It will likely surprise exactly zero of you who’ve been around here any length of time were I to state my first choice here is a collection of linked stories, but guess what? My first choice here is a collection of linked stories. (In fact, I reviewed them one by one during my Short Stories 365 project a few years back).

Lot by Bryan Washington is freaking amazing. I know I’ve mostly tried to avoid cheering on books this month that have a massive readership, and I also know that Barack freaking Obama suggested people check out this book, but look: it’s incredible. And as a collection of short fiction (and/or a mosaic novel), it was an experience I savoured a tale at a time, even as I wanted to keep going. That the character was also a Black and Latino queer boy-becoming-a-man narrative?
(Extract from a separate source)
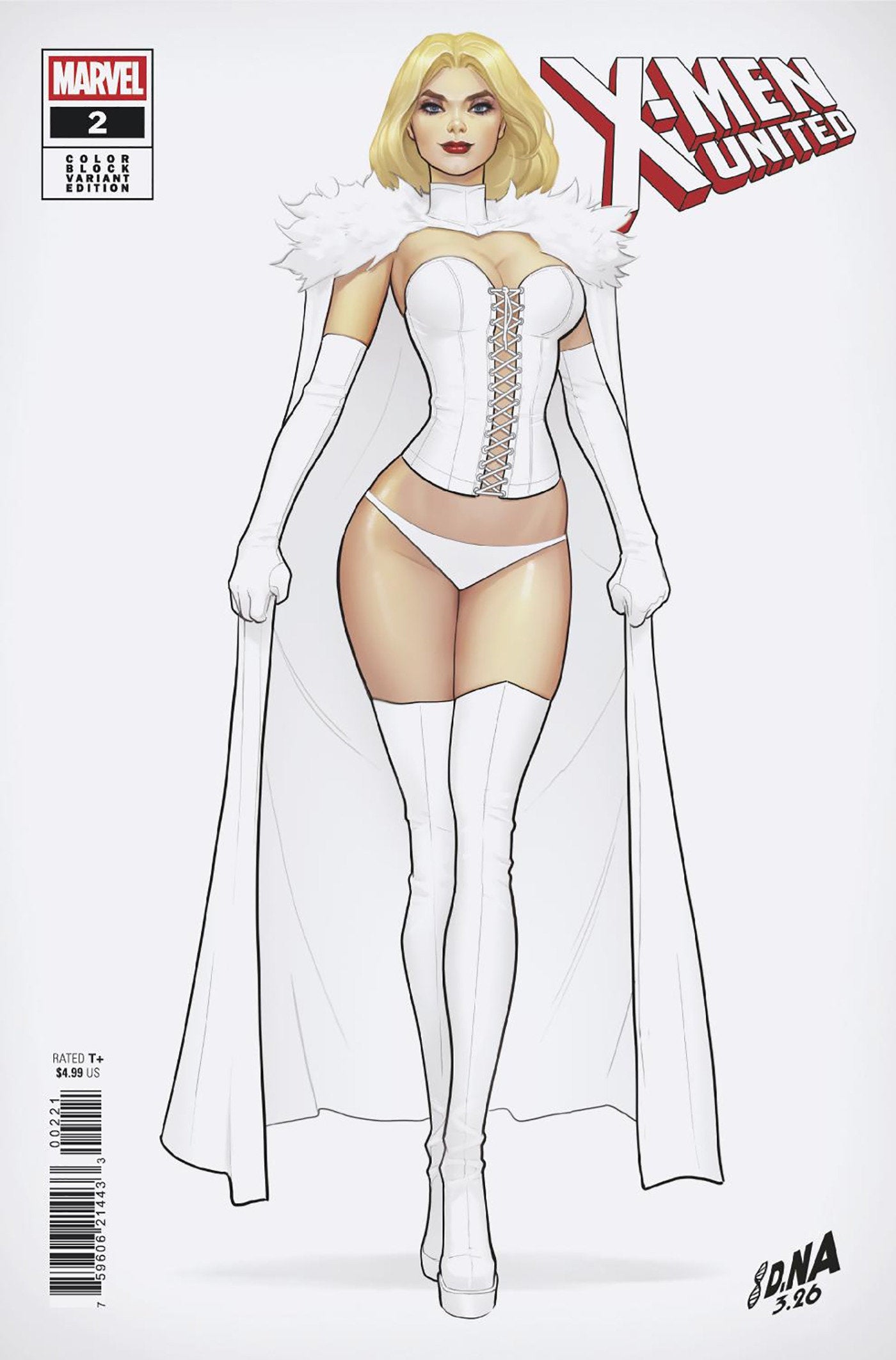 X-Men United #2 David Nakayama Color Block White Variant (NM)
About a third (or more?) of the stories have the boy-to-man’s voice, and the rest shift for the characters around him, giving you angled perspectives that paint this incredible whole by the time you close the cover.

Look, just go read it, if you haven’t already.

The cover of Lot, by Bryan Washington.

In the city of Houston – a sprawling, diverse microcosm of America – the son of a black mother and a Latino father is coming of age. He’s working at his family’s restaurant, weathering his brother’s blows, resenting his older sister’s absence. And discovering he likes boys.

Around him, others live and thrive and die in Houston’s myriad neighborhoods: a young woman whose affair detonates across an apartment complex, a ragtag baseball team, a group of young hustlers, hurricane survivors, a local drug dealer who takes a Guatemalan teen under his wing, a reluctant chupacabra.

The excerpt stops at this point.